Condannato all’Inferno spendo in anticipo il mio Paradiso.

Cenni biografici
nato in Toscana alle 10:10 del 10.10.1955, così riporta il certificato, quel 10 potrebbe anche essere una persecuzione ma ormai ci convivo da troppo tempo, mi pone anche nell’ibrida condizione di essere una bilancia con malefici influssi da scorpione, a cui non ho mai dato peso.Il mio lavoro che poco incastra col scrivere poesie, un altro esempio sembra sia tale Hannibal Lecter, paragone poco rassicurante invero, mi ha permesso di giocare a scacchi con la vecchia signora, dandomi modo di vedere realtà con occhi da osservatore ed attore cose che cambiano anima e scale di valori, il contributo in M.s.F ha avuto il significato di restituire un poco della fortuna che ho avuto senza meriti, per l’essere nato con la possibilità del poter scegliere strade diverse, le sfortune invece sono solo colpe personali, ma l’esserne stato parte ha fortificato principi etici nonché la consapevolezza dell’essere nel giusto nell’ aiutare indipendentemente da razza, religione o credo politico, e che solo essere indipendente permette di essere liberi. (Riccardo Pratesi)
Recensione
“Ascoltando me” è un verso che ci introduce diritti nel cuore della poetica del nostro autore. L’introspezione è il perno attorno al quale ruota una poesia che non abbonda di parole ma che ha abbondanti significati. Tematiche consuete come l’amore (“Ti ringrazio per avermi amato tanto male, da insegnarmi come non deve essere l’amore”), la solitudine (“Seduto in mezzo… mi aspetto che gentile mi sorprenda il domani.”), il tempo (“Solo una volta, è tutto il mio tempo.”) e tutte una serie di riflessioni che sono tipiche del continuo domandarsi dell’uomo sulla sua esistenza, sono affrontate con profondità e analisi puntuale. L’atteggiamento a volte può sembrare freddo e distaccato ma questa è la conseguenza di un verso netto, preciso e chiaro. Nel brano che segue la chiusa è addirittura segnata da un punto che è parola conclusiva della lirica:

“…
Uomini
di sabbia e vento,
belli fino al primo soffio.
Uomini,
di sangue e fatica,
uomini e punto.”

Sorprende l’equilibrio formale dello scrivere, la struttura di ogni lirica è, come dire, granitica, tanto da non disunirsi mai.

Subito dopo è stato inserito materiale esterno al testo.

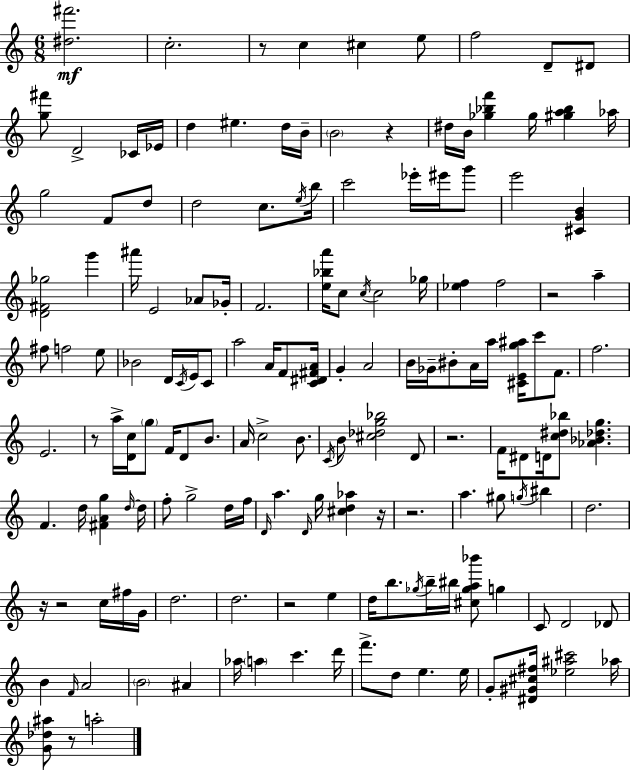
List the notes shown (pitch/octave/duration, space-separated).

[D#5,F#6]/h. C5/h. R/e C5/q C#5/q E5/e F5/h D4/e D#4/e [G5,F#6]/e D4/h CES4/s Eb4/s D5/q EIS5/q. D5/s B4/s B4/h R/q D#5/s B4/s [Gb5,Bb5,F6]/q Gb5/s [G#5,A5,Bb5]/q Ab5/s G5/h F4/e D5/e D5/h C5/e. E5/s B5/s C6/h Eb6/s EIS6/s G6/e E6/h [C#4,G4,B4]/q [D4,F#4,Gb5]/h G6/q A#6/s E4/h Ab4/e Gb4/s F4/h. [E5,Bb5,A6]/s C5/e C5/s C5/h Gb5/s [Eb5,F5]/q F5/h R/h A5/q F#5/e F5/h E5/e Bb4/h D4/s C4/s E4/s C4/e A5/h A4/s F4/e [C4,D#4,F#4,A4]/s G4/q A4/h B4/s Gb4/s BIS4/e A4/s A5/s [C#4,E4,G5,A#5]/s C6/e F4/e. F5/h. E4/h. R/e A5/s [D4,C5]/s G5/e F4/s D4/e B4/e. A4/s C5/h B4/e. C4/s B4/e [C#5,Db5,G5,Bb5]/h D4/e R/h. F4/s D#4/e D4/s [C5,D#5,Bb5]/e [Ab4,Bb4,Db5,G5]/q. F4/q. D5/s [F#4,A4,G5]/q D5/s D5/s F5/e G5/h D5/s F5/s D4/s A5/q. D4/s G5/s [C#5,D5,Ab5]/q R/s R/h. A5/q. G#5/e G5/s BIS5/q D5/h. R/s R/h C5/s F#5/s G4/s D5/h. D5/h. R/h E5/q D5/s B5/e. Gb5/s B5/s BIS5/s [C#5,Gb5,A5,Bb6]/e G5/q C4/e D4/h Db4/e B4/q F4/s A4/h B4/h A#4/q Ab5/s A5/q C6/q. D6/s F6/e. D5/e E5/q. E5/s G4/e [D#4,G#4,C#5,F#5]/s [Eb5,A#5,C#6]/h Ab5/s [G4,Db5,A#5]/e R/e A5/h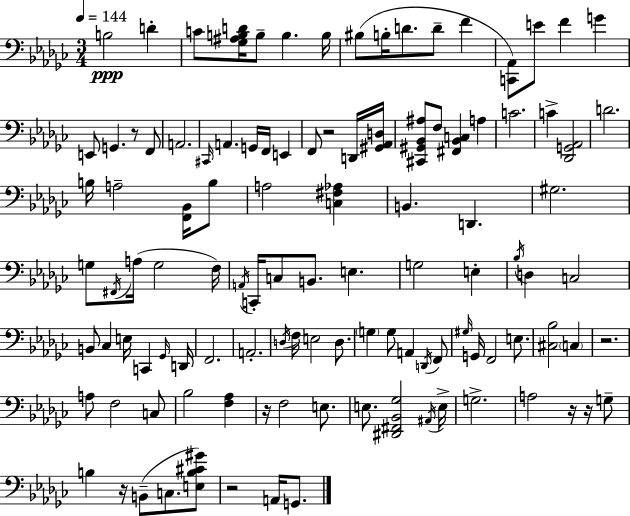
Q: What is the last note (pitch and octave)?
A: G2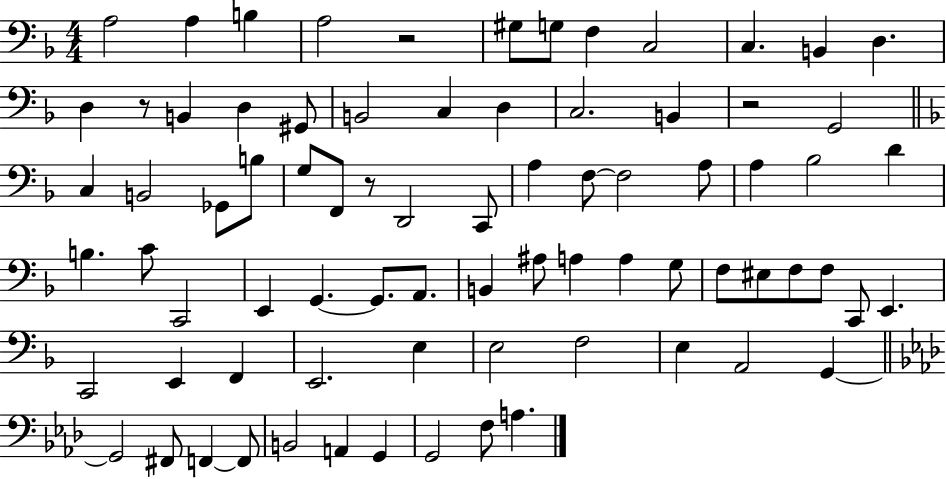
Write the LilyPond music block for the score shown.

{
  \clef bass
  \numericTimeSignature
  \time 4/4
  \key f \major
  \repeat volta 2 { a2 a4 b4 | a2 r2 | gis8 g8 f4 c2 | c4. b,4 d4. | \break d4 r8 b,4 d4 gis,8 | b,2 c4 d4 | c2. b,4 | r2 g,2 | \break \bar "||" \break \key d \minor c4 b,2 ges,8 b8 | g8 f,8 r8 d,2 c,8 | a4 f8~~ f2 a8 | a4 bes2 d'4 | \break b4. c'8 c,2 | e,4 g,4.~~ g,8. a,8. | b,4 ais8 a4 a4 g8 | f8 eis8 f8 f8 c,8 e,4. | \break c,2 e,4 f,4 | e,2. e4 | e2 f2 | e4 a,2 g,4~~ | \break \bar "||" \break \key aes \major g,2 fis,8 f,4~~ f,8 | b,2 a,4 g,4 | g,2 f8 a4. | } \bar "|."
}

Mi ha colpito la chiusa che segue:
“…
Grazie per il primo grazie,
per il non obbligo di amare,
per l’amore mai preso,
che volendo
era tuo di diritto,
per quegli abbracci
mai dati
che mi hanno reso
libero dall’amore
e dall’amare.”

E’ un’affermazione netta, conclusiva, quasi a voler dare una soluzione a quella che è una delle fondamentali pulsioni della vita e cioè l’amore.
L’assenza di questo libera l’essere nell’affermazione del suo io. Non obbligo d’amare, quasi fosse un dovere, ma scelta individuale e sentimento di cui si può fare a meno. Qui sta il sottile significato di questa strofa. Lascia quell’inesprimibile sensazione posta tra il desiderio di avere quel che si anela e il suo essere negato.

“Dimmi quello che vedi,
perché ho solo
segni ed odori
dell’esser stato”

Qui l’ineluttabile relatività dell’essere, quel che vedono gli altri di noi (attraverso il fuggevole giudizio dei segni) intenti ad interpretare il nostro ruolo esistenziale (non importa se con una maschera o no). Una domanda pesante come un macigno: cosa si vede di sé, cosa vedono e cosa intendono le altre “monadi” intorno a noi. Si potrebbe filosofeggiare su ogni verso spesso chiuso come una massima e ricco di significati.

“Totale e delicata ricerca dell’inottenibile”
“…evitare di farsi abbagliare, quando decidiamo.”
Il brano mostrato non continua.